Instances of the decwide_t type should behave as closely as possible to the behavior of built-in floating-point types.
Relatively wide precision range from about ${\sim}~10 {\ldots} 10^{7}$ decimal digits.
Moderately good efficiency over the entire wide precision range.
Clean header-only C++14 design.
Seamless portability to any modern C++14, 17, 20, 23 compiler and beyond.
Scalability with small memory footprint and efficiency suitable for both PC/workstation systems as well as bare-metal embedded systems.

Quick start

Easy application follows via a traditional C-style typedef or C++14 alias. The defined type can be used very much like a built-in floating-point type.

The following sample, for instance, defines and uses a decimal type called dec101_t having $101$ decimal digits of precision. In this example, the subroutine do_something() initializes the variable d of type dec101_t with $\frac{1}{3}$. The $101$ digit value of d is subsequently printed to the console. The console precision is set with std::setprecision in combination with dec101_t's specialization of std::numeric_limits.

In particular,

#include <iomanip>
#include <iostream>

#include <math/wide_decimal/decwide_t.h>

void do_something()
{
  using dec101_t = ::math::wide_decimal::decwide_t<INT32_C(101), std::uint32_t, void>;

  dec101_t d = dec101_t(1) / 3;

  // 0.33333333333333333333333333333333333333333333333333333333333333333333333333333333333333333333333333333
  std::cout << std::setprecision(std::numeric_limits<dec101_t>::digits) << d << std::endl;
}

The local data type dec101_t is defined with a C++14 alias. The first template parameter INT32_C(101) sets the decimal digit count while the second optional template parameter std::uint32_t sets the internal limb type. If the second template parameter is left blank, the default limb type is thirty-two bits in width and unsigned.
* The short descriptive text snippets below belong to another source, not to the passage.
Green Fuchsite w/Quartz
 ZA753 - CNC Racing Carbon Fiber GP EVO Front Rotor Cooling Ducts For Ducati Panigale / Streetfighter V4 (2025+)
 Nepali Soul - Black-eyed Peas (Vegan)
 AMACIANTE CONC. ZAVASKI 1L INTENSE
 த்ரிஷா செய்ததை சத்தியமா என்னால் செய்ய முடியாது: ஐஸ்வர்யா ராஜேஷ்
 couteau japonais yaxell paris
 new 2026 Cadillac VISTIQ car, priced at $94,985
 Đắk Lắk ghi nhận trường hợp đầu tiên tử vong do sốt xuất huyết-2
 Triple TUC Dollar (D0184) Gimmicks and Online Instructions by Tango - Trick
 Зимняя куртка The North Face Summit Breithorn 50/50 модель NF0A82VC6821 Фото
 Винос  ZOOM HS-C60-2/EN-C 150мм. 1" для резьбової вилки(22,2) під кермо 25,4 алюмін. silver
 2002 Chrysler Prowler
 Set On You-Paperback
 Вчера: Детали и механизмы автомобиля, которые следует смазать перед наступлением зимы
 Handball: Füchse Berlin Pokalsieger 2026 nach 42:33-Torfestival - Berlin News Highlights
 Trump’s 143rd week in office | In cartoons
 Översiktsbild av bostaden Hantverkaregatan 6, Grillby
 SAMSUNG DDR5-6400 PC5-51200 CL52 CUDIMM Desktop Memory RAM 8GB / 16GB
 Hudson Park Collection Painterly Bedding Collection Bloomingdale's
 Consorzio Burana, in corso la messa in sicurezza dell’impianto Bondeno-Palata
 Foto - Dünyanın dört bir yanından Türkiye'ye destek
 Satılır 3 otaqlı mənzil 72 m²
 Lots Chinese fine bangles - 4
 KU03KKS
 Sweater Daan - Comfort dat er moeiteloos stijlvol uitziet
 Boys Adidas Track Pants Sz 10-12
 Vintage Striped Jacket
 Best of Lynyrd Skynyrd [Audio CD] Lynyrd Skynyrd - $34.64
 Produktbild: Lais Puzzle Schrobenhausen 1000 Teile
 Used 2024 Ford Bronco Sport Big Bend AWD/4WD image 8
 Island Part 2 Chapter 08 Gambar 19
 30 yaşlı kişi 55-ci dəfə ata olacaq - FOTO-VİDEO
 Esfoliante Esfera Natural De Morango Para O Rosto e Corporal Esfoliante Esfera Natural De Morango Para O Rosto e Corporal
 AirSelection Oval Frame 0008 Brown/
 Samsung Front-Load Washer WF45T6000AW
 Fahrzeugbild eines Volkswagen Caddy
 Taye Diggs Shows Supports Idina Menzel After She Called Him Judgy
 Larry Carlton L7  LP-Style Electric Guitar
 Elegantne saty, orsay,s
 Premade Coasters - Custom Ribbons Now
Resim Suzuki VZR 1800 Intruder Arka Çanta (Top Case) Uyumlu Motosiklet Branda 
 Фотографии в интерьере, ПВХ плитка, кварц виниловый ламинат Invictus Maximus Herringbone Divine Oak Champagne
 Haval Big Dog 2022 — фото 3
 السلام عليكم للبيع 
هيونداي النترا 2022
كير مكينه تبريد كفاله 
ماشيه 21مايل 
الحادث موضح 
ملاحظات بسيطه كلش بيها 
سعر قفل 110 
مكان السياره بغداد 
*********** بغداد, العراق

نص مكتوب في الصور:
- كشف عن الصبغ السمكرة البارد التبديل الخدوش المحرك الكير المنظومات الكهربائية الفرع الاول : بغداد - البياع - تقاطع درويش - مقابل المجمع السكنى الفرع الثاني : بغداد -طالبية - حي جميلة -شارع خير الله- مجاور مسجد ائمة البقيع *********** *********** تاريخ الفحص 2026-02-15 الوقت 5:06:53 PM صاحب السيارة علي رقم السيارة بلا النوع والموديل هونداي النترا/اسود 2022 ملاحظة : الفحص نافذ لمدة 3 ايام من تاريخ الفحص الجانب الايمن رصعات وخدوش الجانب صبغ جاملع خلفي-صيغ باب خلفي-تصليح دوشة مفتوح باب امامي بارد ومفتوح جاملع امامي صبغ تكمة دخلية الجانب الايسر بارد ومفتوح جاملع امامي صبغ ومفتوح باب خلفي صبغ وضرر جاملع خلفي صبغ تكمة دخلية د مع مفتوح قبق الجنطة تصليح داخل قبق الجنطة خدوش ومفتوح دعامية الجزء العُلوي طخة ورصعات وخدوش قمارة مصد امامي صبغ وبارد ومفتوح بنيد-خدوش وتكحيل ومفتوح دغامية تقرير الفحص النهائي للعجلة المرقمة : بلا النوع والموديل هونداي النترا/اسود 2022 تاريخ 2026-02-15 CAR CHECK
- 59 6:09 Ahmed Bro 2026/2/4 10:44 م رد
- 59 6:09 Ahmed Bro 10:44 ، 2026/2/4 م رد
The template signature of the decwide_t class is shown below.

// Forward declaration of the decwide_t template class.
template<const std::int32_t ParamDigitsBaseTen,
         typename LimbType          = std::uint32_t,
         typename AllocatorType     = std::allocator<void>,
         typename InternalFloatType = double,
         typename ExponentType      = std::int64_t,
         typename FftFloatType      = double>
class decwide_t;

decwide_t also has a third (and a few more) optional template paramter(s). The third template parameter AllocatorType can be used to set the allocator type for internal storage of the wide decimal type. The default allocator type is std::allocator<limb_type> which helps to reduce stack consumption, especially when using higher digit counts. If low digit counts are used, the allocator type can be explicitly set to void and stack allocation is used with an array-like internal representation.

Examples

Various interesting examples, some of which are quite algorithmically challenging, have been implemented. It is hoped that the examples provide inspiration and guidance on how to use wide-decimal.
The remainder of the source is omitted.